> TASK GOAL: Filter these records by the string "baseboards", copying each line that holds it.

> DATA FOR THE TASK:
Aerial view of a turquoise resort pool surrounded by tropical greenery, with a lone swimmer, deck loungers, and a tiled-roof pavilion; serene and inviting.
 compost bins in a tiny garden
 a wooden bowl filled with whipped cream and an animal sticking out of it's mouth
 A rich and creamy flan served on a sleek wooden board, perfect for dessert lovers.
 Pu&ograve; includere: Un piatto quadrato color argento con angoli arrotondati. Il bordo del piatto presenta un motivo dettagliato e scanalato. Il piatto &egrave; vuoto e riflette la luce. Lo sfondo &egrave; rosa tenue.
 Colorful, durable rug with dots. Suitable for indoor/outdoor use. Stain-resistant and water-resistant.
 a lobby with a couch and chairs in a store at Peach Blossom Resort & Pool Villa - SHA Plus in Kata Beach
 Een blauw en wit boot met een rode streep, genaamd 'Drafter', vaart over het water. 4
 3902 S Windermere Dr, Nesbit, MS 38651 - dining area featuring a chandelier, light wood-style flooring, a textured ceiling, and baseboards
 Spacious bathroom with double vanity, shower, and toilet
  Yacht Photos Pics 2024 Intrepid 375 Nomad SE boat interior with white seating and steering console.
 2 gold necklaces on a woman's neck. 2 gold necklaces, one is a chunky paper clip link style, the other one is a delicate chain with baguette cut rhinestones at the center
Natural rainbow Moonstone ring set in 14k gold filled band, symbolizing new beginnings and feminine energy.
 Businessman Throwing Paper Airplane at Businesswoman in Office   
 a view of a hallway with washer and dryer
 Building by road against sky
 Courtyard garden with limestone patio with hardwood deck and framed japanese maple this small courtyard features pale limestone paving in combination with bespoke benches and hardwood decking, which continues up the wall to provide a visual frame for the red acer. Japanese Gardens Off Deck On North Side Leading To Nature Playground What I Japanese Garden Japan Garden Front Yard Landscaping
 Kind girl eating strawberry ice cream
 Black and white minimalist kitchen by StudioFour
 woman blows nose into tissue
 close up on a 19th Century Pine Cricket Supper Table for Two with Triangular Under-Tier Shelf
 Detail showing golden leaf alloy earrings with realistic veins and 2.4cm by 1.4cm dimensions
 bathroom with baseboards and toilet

> FINISHED TASK:
 3902 S Windermere Dr, Nesbit, MS 38651 - dining area featuring a chandelier, light wood-style flooring, a textured ceiling, and baseboards
 bathroom with baseboards and toilet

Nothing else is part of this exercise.